Data Combination Test (DCoT)

Most IT systems process various data items and the values of these data items influence the results of processing. When we want to test combinations of values of data items, the data combination test (DCoT) is a very useful technique. Especially because this technique may achieve various levels of coverage so it can cater for coverage in cases of low, medium or high-quality risk levels.

Approach Coverage based - Data
Test variety

Primarily functionality, also applicable in other test varieties

Test basis

Almost all kinds

Within functionalities single data attributes and their equivalence classes (see test design technique equivalence partitioning) may influence the system behaviour, but many times combinations of data attributes are of influence on variations in the system behaviour.
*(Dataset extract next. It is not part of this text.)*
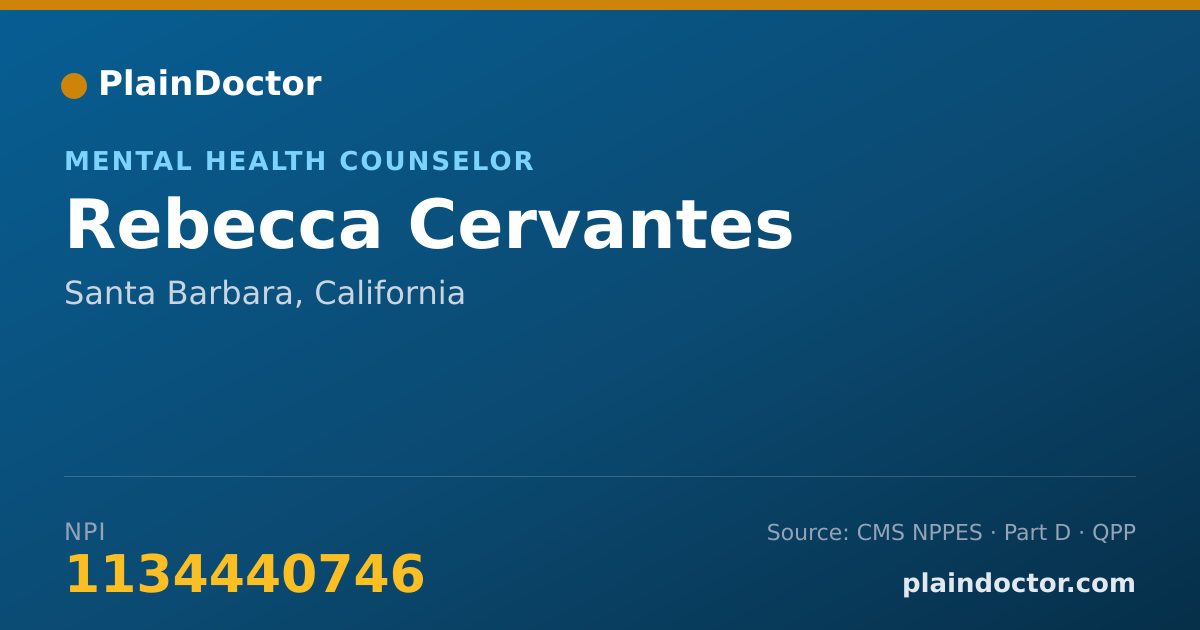 Shareable card for Rebecca Cervantes - Mental Health Counselor, Santa Barbara, CA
The data combination test (DCoT) is a versatile technique for the testing of functionality both at detail level and at overall system level. In the embedded world, this technique is also known as the "Classification Tree Method". It was developed by Grochtmann and Grimm, and is described in "Testing Embedded Software" [Broekman, 2003] and elsewhere.

For the DCoT, no specific test basis is required. All types of information on the functionality of the system are usable:

  • Formal system documentation, such as functional design, logical data model and requirements
  • Informal documentation, such as manuals, folders, pre-surveys and memos
  • Domain expertise that is not documented, but resides 'in the experts' heads'.

The fact that domain expertise is usable as a test basis also makes this technique suitable for situations in which specifications are incomplete or out of date, or even unavailable altogether.

Because of the strongly informal character of this technique, the quality of the test cases designed with it is largely determined by the expertise and skill of those involved. For that reason, the DCoT is preferably carried out by a team of 2 to 5 persons with a mix of expertise: test, domain and system expertise.

To use this test design technique, follow these steps:

  1. Determine the desired coverage level
  2. Determine the relevant data items
  3. Determine the equivalence classes for each data item
  4. Determine dependencies between data items
  5. Draw a classification tree
  6. Use the classification tree to combine equivalence classes of the data items into test cases, based on the desired coverage level.

Coverage level 

The test strategy usually defines the desired coverage level (for example based on the quality risk level). The DCoT has different levels of coverage that can be achieved; it is good to know beforehand which coverage level is desired.  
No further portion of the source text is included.